## WHAT YOU SHOULD DO
At the line that includes "Building Photo - 2486 Bay Isle Dr", begin writing out the entries below exactly, and continue through the last line without adding anything.

··· GIVEN INFORMATION

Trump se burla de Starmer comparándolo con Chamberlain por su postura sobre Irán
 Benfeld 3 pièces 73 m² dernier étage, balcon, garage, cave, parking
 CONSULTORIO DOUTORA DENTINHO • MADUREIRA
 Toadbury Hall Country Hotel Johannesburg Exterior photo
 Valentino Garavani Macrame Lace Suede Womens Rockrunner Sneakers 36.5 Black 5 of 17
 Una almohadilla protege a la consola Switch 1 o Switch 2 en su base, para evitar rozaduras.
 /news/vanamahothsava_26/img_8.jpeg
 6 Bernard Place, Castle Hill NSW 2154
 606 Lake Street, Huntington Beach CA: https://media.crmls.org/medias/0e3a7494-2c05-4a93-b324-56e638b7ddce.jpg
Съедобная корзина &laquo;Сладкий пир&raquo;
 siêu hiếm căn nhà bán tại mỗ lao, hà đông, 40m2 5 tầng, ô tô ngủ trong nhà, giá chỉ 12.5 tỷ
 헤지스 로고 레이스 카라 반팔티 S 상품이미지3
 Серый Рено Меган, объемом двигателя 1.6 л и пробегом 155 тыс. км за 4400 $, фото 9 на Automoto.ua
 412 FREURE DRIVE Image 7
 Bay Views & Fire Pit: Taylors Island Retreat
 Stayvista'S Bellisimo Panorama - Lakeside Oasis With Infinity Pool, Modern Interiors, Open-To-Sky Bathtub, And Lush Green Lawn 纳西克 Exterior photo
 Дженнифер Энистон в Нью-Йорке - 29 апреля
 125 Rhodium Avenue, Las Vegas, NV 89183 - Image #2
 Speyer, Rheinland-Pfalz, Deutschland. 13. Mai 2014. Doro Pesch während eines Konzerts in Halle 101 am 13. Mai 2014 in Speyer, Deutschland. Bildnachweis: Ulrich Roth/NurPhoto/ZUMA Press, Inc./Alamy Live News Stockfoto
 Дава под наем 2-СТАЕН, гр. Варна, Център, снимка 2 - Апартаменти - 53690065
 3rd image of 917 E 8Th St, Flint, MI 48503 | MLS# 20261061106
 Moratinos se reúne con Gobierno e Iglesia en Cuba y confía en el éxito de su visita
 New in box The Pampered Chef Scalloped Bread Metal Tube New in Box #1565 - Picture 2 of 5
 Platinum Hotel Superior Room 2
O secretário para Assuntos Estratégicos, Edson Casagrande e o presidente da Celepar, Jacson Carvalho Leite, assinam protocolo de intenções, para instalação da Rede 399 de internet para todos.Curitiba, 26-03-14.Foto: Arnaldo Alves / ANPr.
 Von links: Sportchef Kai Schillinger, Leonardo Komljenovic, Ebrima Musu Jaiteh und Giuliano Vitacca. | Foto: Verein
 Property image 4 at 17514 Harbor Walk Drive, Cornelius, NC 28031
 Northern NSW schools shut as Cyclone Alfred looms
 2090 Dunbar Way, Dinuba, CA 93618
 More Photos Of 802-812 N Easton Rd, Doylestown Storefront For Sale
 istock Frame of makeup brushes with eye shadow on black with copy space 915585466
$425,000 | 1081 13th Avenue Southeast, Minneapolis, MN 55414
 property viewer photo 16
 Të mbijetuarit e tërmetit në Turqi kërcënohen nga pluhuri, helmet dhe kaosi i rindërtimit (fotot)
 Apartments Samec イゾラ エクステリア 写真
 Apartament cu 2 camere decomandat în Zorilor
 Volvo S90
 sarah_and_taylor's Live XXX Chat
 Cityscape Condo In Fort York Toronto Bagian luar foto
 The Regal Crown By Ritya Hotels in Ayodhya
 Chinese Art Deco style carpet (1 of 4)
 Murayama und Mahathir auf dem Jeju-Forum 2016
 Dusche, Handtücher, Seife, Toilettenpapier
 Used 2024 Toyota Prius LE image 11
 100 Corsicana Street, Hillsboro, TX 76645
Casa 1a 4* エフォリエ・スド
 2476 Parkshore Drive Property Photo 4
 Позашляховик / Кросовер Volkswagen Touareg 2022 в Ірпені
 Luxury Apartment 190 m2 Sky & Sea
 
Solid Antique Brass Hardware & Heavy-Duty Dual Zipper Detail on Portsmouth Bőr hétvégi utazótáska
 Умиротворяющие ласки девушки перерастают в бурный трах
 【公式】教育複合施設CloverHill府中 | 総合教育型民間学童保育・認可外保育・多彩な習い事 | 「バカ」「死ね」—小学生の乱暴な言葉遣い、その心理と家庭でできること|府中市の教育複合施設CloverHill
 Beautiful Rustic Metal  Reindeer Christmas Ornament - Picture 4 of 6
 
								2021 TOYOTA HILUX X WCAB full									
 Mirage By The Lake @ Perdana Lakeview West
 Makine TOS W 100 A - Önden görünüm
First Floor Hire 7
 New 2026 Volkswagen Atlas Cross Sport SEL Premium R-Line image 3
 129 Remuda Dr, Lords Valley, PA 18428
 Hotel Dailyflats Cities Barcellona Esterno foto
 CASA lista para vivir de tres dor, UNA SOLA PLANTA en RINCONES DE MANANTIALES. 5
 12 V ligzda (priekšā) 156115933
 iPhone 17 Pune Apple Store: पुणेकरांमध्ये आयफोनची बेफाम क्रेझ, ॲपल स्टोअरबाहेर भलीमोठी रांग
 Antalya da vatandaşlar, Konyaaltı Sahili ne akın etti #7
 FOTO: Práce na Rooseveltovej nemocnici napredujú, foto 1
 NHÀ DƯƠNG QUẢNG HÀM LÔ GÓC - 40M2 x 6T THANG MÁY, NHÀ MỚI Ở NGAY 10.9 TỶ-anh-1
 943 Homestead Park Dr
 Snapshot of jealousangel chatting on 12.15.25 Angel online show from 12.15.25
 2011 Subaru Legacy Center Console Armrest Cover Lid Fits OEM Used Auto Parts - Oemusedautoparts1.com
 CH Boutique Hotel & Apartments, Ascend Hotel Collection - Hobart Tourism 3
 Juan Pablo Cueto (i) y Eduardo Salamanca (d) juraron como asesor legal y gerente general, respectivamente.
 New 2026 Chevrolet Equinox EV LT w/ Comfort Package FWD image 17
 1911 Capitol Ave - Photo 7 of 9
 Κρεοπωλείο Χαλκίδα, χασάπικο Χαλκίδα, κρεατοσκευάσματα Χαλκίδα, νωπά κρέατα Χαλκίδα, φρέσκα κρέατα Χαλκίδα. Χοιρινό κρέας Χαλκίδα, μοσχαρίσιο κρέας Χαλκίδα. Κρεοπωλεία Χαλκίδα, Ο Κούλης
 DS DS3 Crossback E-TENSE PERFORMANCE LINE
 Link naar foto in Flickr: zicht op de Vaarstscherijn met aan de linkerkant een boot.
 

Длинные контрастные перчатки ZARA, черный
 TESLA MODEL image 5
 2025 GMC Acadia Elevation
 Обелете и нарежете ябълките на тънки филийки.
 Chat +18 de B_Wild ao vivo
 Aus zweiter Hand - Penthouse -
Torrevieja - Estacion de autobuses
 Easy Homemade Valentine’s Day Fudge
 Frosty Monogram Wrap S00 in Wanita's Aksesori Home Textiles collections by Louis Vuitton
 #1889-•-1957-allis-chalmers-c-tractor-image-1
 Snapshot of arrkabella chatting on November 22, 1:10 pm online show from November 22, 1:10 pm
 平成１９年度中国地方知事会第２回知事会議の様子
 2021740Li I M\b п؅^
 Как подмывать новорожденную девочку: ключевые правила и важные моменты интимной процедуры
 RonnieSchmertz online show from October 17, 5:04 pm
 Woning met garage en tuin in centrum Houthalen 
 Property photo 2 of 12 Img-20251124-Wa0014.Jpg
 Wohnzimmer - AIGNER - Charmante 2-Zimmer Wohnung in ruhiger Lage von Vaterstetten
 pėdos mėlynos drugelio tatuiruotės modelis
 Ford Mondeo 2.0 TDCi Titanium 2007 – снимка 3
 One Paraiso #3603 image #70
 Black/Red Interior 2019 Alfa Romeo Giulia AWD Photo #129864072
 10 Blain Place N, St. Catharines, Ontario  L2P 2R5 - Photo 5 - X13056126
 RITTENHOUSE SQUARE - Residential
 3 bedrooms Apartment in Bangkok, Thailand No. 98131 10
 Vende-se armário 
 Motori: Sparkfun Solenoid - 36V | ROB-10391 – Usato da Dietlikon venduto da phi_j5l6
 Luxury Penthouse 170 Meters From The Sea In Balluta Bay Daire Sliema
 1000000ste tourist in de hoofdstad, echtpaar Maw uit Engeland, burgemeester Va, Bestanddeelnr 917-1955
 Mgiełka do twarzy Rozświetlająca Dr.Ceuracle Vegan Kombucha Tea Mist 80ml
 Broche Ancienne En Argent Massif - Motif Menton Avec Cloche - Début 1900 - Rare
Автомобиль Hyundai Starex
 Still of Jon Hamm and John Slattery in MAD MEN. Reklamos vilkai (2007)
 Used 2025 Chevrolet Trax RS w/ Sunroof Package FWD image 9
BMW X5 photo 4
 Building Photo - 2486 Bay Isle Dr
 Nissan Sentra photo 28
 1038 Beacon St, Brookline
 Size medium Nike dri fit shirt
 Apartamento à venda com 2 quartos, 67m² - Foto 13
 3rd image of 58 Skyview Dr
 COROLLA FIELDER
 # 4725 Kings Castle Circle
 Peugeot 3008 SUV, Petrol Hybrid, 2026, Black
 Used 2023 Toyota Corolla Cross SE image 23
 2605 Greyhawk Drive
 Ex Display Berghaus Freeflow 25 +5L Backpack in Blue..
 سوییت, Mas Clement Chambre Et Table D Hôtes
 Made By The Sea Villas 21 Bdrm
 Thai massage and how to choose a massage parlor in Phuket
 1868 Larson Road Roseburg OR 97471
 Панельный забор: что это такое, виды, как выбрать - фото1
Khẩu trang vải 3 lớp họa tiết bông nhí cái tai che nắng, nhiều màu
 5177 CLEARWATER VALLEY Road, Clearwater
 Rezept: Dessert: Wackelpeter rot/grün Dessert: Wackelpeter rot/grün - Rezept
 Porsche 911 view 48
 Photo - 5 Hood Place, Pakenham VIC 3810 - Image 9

······

## OUTPUT FOR THIS EXERCISE
 Building Photo - 2486 Bay Isle Dr
 Nissan Sentra photo 28
 1038 Beacon St, Brookline
 Size medium Nike dri fit shirt
 Apartamento à venda com 2 quartos, 67m² - Foto 13
 3rd image of 58 Skyview Dr
 COROLLA FIELDER
 # 4725 Kings Castle Circle
 Peugeot 3008 SUV, Petrol Hybrid, 2026, Black
 Used 2023 Toyota Corolla Cross SE image 23
 2605 Greyhawk Drive
 Ex Display Berghaus Freeflow 25 +5L Backpack in Blue..
 سوییت, Mas Clement Chambre Et Table D Hôtes
 Made By The Sea Villas 21 Bdrm
 Thai massage and how to choose a massage parlor in Phuket
 1868 Larson Road Roseburg OR 97471
 Панельный забор: что это такое, виды, как выбрать - фото1
Khẩu trang vải 3 lớp họa tiết bông nhí cái tai che nắng, nhiều màu
 5177 CLEARWATER VALLEY Road, Clearwater
 Rezept: Dessert: Wackelpeter rot/grün Dessert: Wackelpeter rot/grün - Rezept
 Porsche 911 view 48
 Photo - 5 Hood Place, Pakenham VIC 3810 - Image 9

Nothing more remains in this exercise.